Virtue Politics: Soulcraft and Statecraft in Renaissance Italy.

Author:Tomaselli, Michael J.

Hankins, James, Virtue Politics: Soulcraft and Statecraft in Renaissance Italy. Cambridge: Harvard University Press, 2019. 768 pages. Hardcover, $45.00.

Harvard University Professor of History James Hankins has produced both the most comprehensive study of political thought in the humanist tradition and a scathing indictment of the current research paradigms of Renaissance Studies. Hankins begins Virtue Politics by carefully articulating the purpose of his work and the context in which it was created. In the introduction, the author explains that Virtue Politics began as an attempt to connect a series of lectures made over the past fifteen years on varying perspectives on the humanist tradition. While this would typically create an unnecessarily exhaustive approach, Hankins provides exact context for the work as a careful articulation of the cumulative weaknesses within Renaissance historiography. From that point, Hankins urges academics to look to past sources previously labeled as empty rhetoric for a deeper understanding of the cultural standards present in Renaissance Italy. Previous works had dismissed rhetoric as a hyperbolic conversation positioned as propaganda of the age. While Hankins acknowledges the underlying interpretation of the fallacies found in the hyperboles of the humanist tradition, he makes the argument that the dismissal of the extremes of the statements does not require their complete expulsion.

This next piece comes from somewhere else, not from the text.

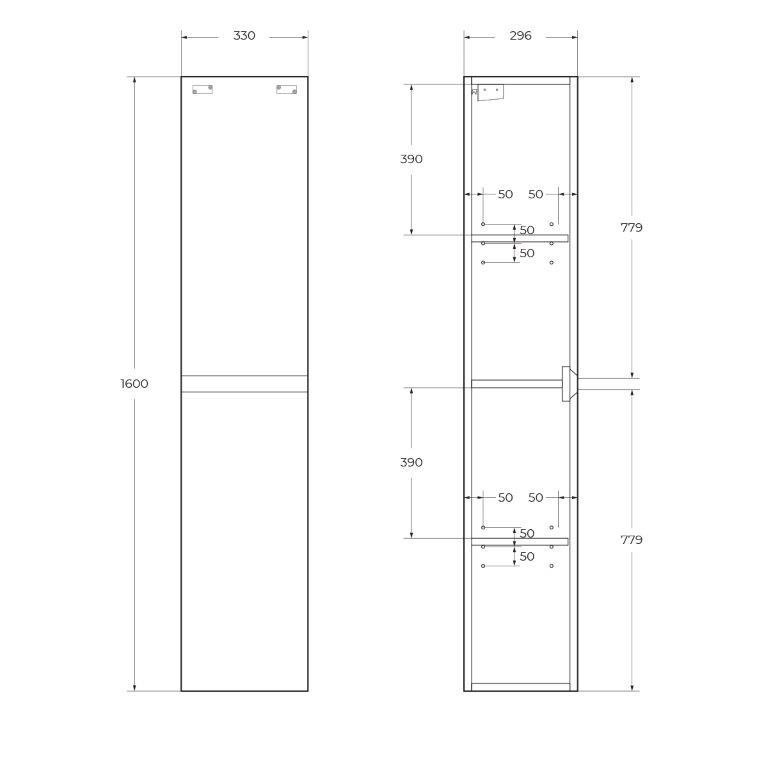 Шкаф подвесной BelBagno KRAFT-1600-2A-SC-RGB-R Rovere Galifax Bianco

In order to support his plea, Hankins provides a near onslaught of examples of how different interpretations can be illuminated by the previously neglected sources. Virtue Politics is a work that can be grouped by stages of Hankins' argument. Hankins covers larger abstractions in the beginning of the work as a means to ease the reader into the idea of more specific interpretations later in the work. Virtue Politics begins with foundational figures in the humanist tradition, like Petrarch, and assumptions commonly made in reference to the political thought of the time. Hankins continues to navigate different abstractions such as the role of the state, or how to define the concept of the "republic." These are subjects with a wide range of accepted interpretations, making it simple to place another among them.